Digitale Gesellschaft: Nichts als Ärger
Der Netzaktivist Markus Beckedahl (Digitale Gesellschaft) erklärte gegenüber iRights.info, das Abmahnwesen sei nicht für den Missbrauch gegenüber Privatpersonen geschaffen worden, sondern für professionelle Akteure wie Unternehmen. Es gehöre insgesamt auf den Prüfstand. Die Argumentation der Musik- und Filmverbände nennt Beckedahl „überaus kurzsichtig“. „Kultur- und Kreativwirtschaft zeigen damit nur, dass sie das derzeitige Modell, das vor allem fragwürdige Anwaltskanzleien subventioniert, auf jeden Fall erhalten sehen möchte – koste es, was es wolle.“ Die bisherige Abmahnpraxis hat den Beteiligten laut Beckedahl „nichts als Ärger und unverhältnismäßig hohe Kosten gebracht und somit zur gefühlten Entwertung von kulturellen Gütern maßgeblich beigetragen“.
Wawzyniak (Linke): „Nicht mit Kanonen auf Spatzen schießen“
Halina Wawzyniak, netzpolitische Sprecherin der Linken im Bundestag, kommentierte gegenüber iRights.info, private Urheberrechtsverletzungen sollten auch als privat behandelt werden, nicht als kommerziell. „Anstatt mit Kanonen auf Spatzen zu schießen und eine Abmahnindustrie zu fördern, der es nur um ihre eigenen Gewinninteressen geht und nicht um die Verfolgung von Urheberrechtsverletzungen, sollte sich die Kultur- und Kreativwirtschaft Gedanken darüber machen, wie sie ihre Geschäftsmodelle an die Möglichkeiten der digitalen Welt anpasst“, so Wawzyniak. Das sei immer noch das beste Mittel gegen private Urheberrechtsverletzungen. Die Linke hat im Juni ähnliche Regelungen vorschlagen wie das Justizministerium. „Ein Scheitern wäre daher sehr bedauerlich“, kommentiert Wawzyniak.

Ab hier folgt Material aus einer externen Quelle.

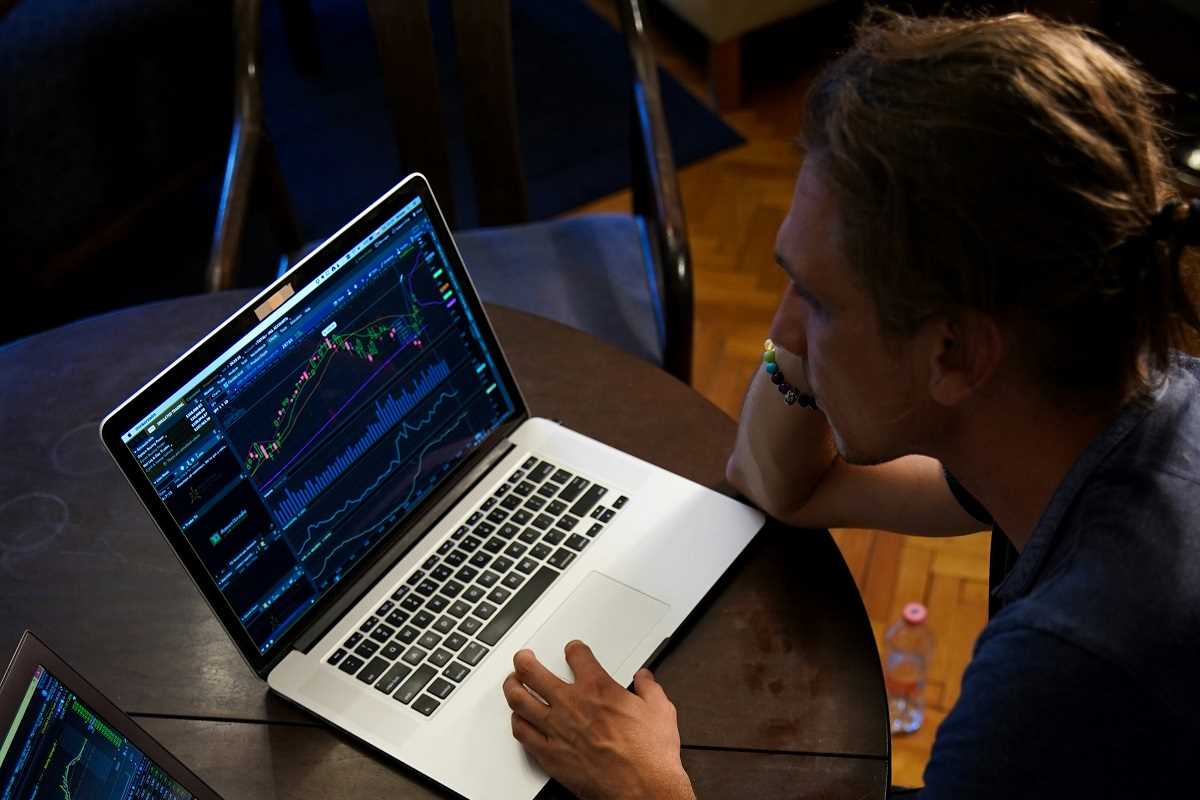 5 Essential Tips for Small Tech Startups to Overcome Initial Funding Hurdles
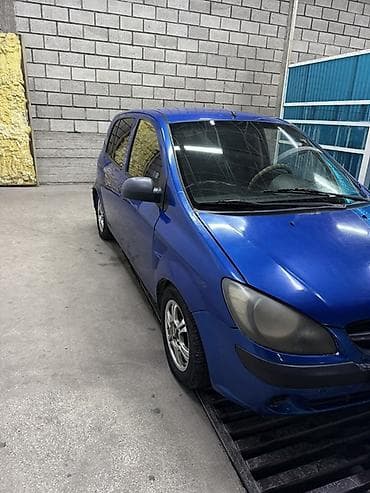 Унаа: Hyundai Getz: 2008 г., 1.4 л, Кол менен иштөөчү, Бензин, Хетчбек — 3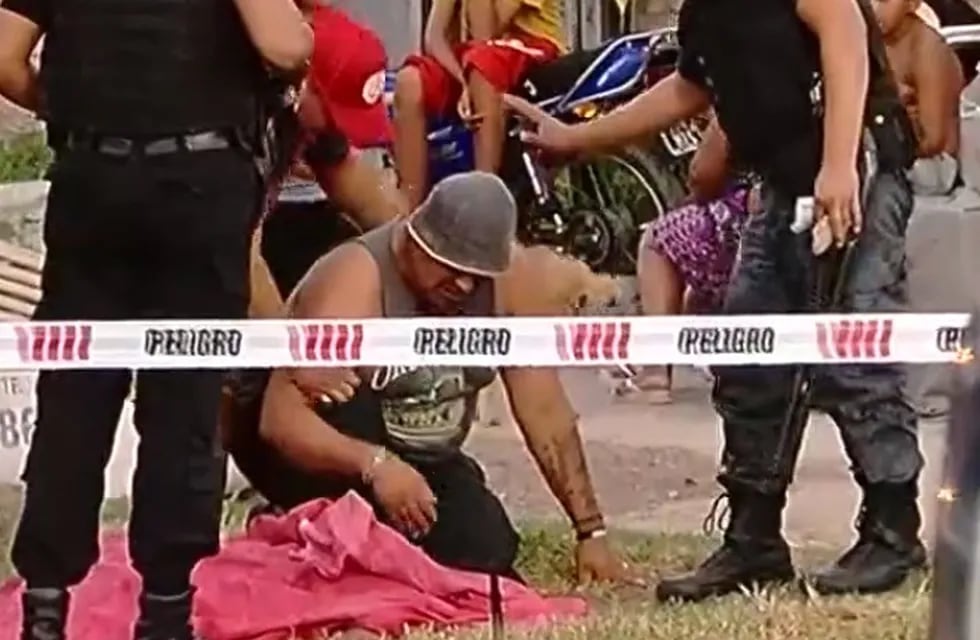 El cuerpo del adolescente quedó tendido en un descampado cerca de Valparaíso y Garay. (Canal 3)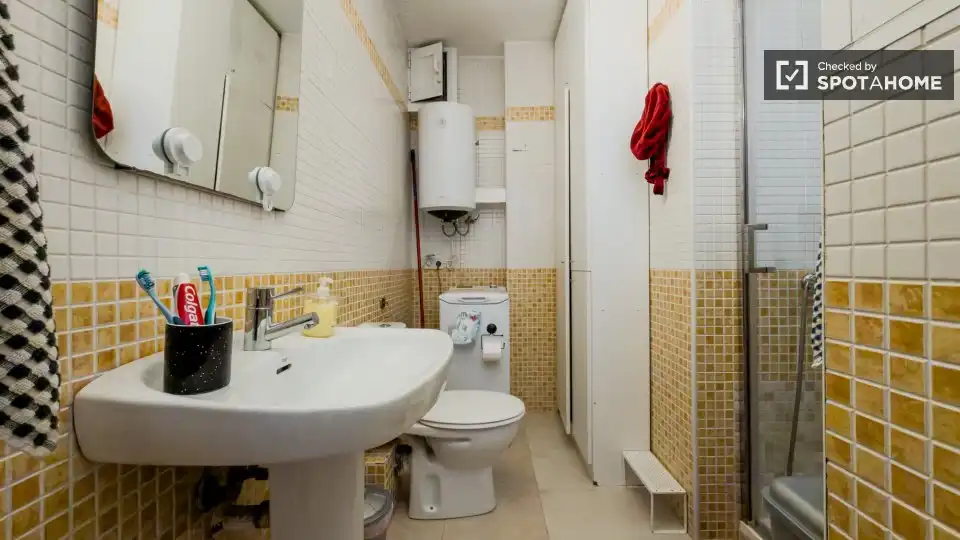 Room in El Turó de la Peira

Bär (CSU) fordert verständliches Urheberecht
Auch die CSU-Netzpolitikern Dorothee Bär mahnt eine Einigung an. „Ich fände es natürlich schade, wenn das Gesetz, bei dem man ja eigentlich schon sehr weit war, nun doch scheitern sollte“, so Bär am Donnerstag gegenüber iRights.info. Der Gesetzentwurf aus dem Justizministerium sei durchaus fair gewesen. „Es handelt sich hier nicht um Schwerkriminelle, sondern um User, die zum ersten Mal von einem Rechteinhaber abgemahnt werden.“ Zugleich könne das Gesetz zur Deckelung der Abmahnkosten nur ein Teil eines Gesamtansatzes sein. „Wir müssen beispielsweise insgesamt ein Urheberrecht schaffen, dass auch von den Usern akzeptiert wird.“ Die Nutzer müssten auch wissen, wann sie gegen ein solches Recht verstoßen. „Das darf nicht erst durch ein Anwaltsschreiben geschehen.“
Kommt das Gesetz zu spät?
Während die Koalition intern an der Deckelung der Abmahnkosten gefeilt hat, scheint sich die eigentliche Problematik entschärft zu haben. Die Interessengemeinschaft gegen den Abmahnwahn verzeichnet einen deutlichen Rückgang der Abmahnungen gegen das illegale File-Sharing. 2012 könnten rund 80 Prozent weniger Abmahnungen verschickt worden sein als noch 2010, so eine Prognose (Siehe „Filesharing Abmahnwesen Deutschland 1. Halbjahr 2012, Seite 4). Über die Gründe lässt sich nur spekulieren. Die Abmahnpraxis könnte Nutzer vom File-Sharing abhalten oder dazu animieren, sich über eine Verschlüsselung der Verfolgung zu entziehen. Nutzer könnten vermehrt legale und illegale Streaming-Plattformen nutzen, statt das Risiko des File-Sharings einzugehen. Die steigende Zahl der Klagen durch betroffene Nutzer könnte die Praxis der Massenabmahnungen gebremst haben.